▸ **Dataset**
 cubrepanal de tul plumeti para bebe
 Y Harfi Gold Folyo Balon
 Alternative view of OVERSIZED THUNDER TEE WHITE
--
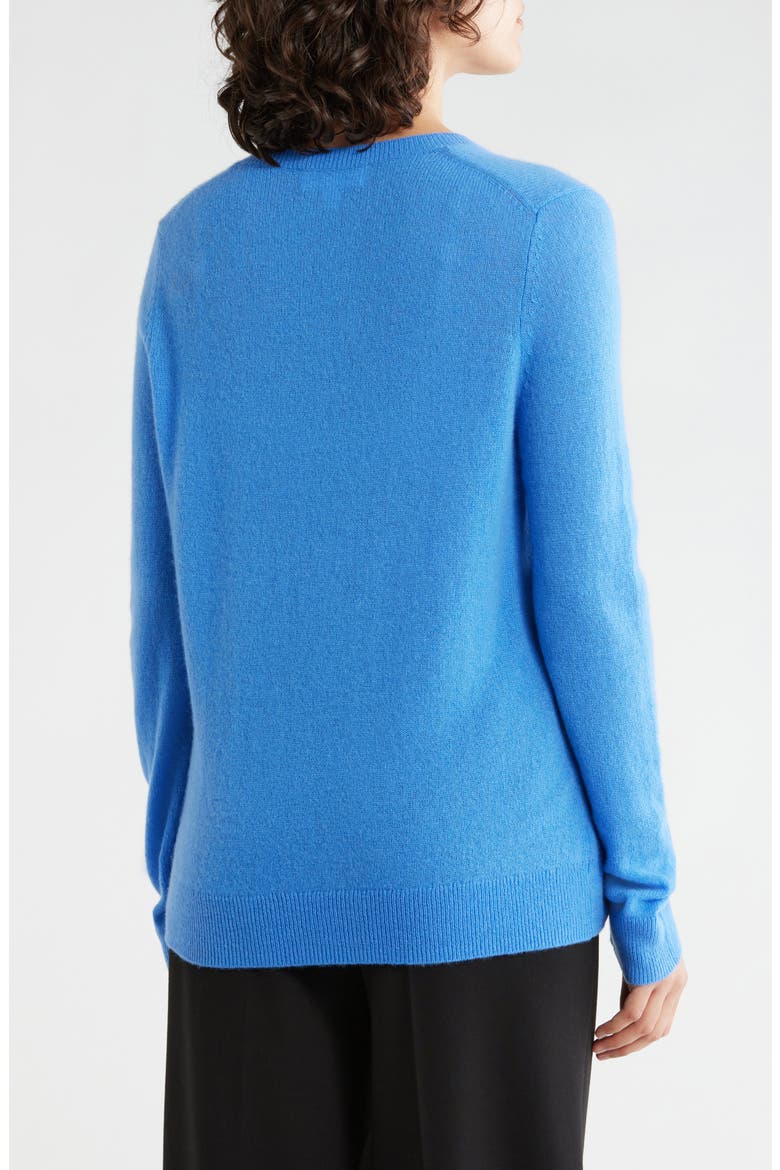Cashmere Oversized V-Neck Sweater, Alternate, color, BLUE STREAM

▸ **Work request**
Both the line containing "cubrepanal de tul plumeti para bebe" and the line containing "Alternative view of" belong in the answer. Print them and every line above that falls between them exactly, and no others.

▸ **Response to this exercise**
 cubrepanal de tul plumeti para bebe
 Y Harfi Gold Folyo Balon
 Alternative view of OVERSIZED THUNDER TEE WHITE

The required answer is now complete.